Information provided.
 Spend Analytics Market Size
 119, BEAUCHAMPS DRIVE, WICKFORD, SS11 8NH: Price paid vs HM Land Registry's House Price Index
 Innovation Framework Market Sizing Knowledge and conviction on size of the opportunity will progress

--

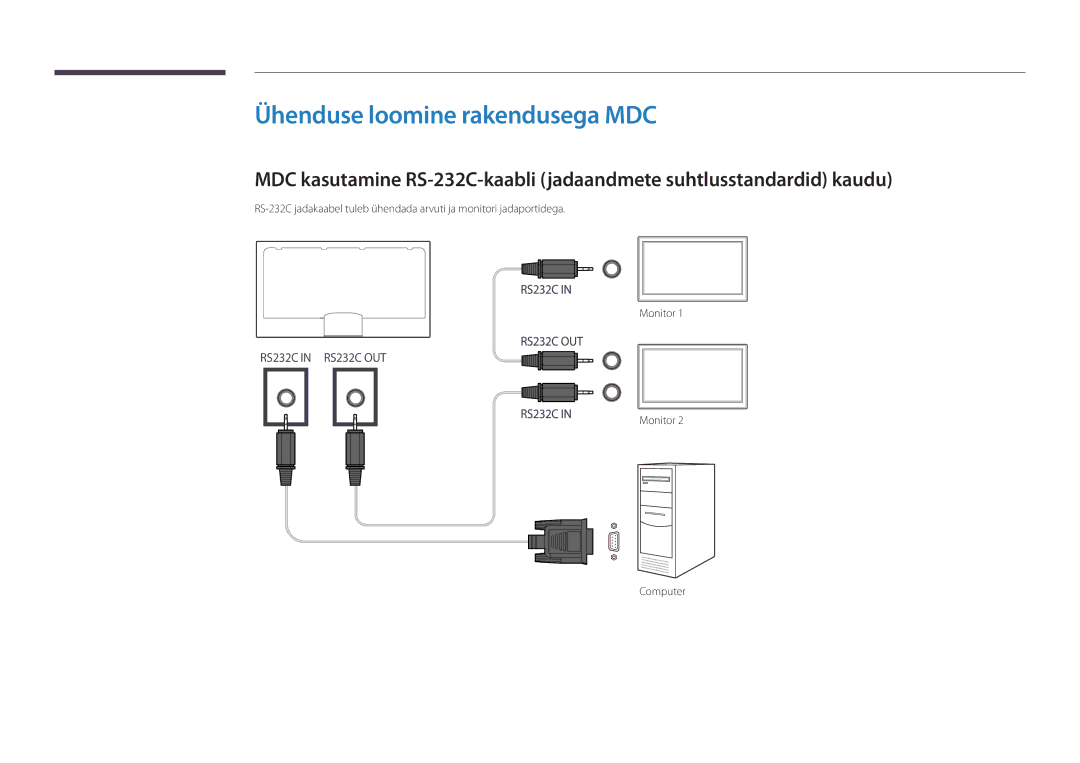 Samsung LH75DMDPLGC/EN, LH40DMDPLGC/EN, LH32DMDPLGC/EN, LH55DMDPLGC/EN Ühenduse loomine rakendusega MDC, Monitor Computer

The problem. Look back at the data above. Transcribe exactly the lines starting at the line that contains "Spend Analytics Market Size" and ending at the line that contains "Innovation Framework Market".

Output for this task.
 Spend Analytics Market Size
 119, BEAUCHAMPS DRIVE, WICKFORD, SS11 8NH: Price paid vs HM Land Registry's House Price Index
 Innovation Framework Market Sizing Knowledge and conviction on size of the opportunity will progress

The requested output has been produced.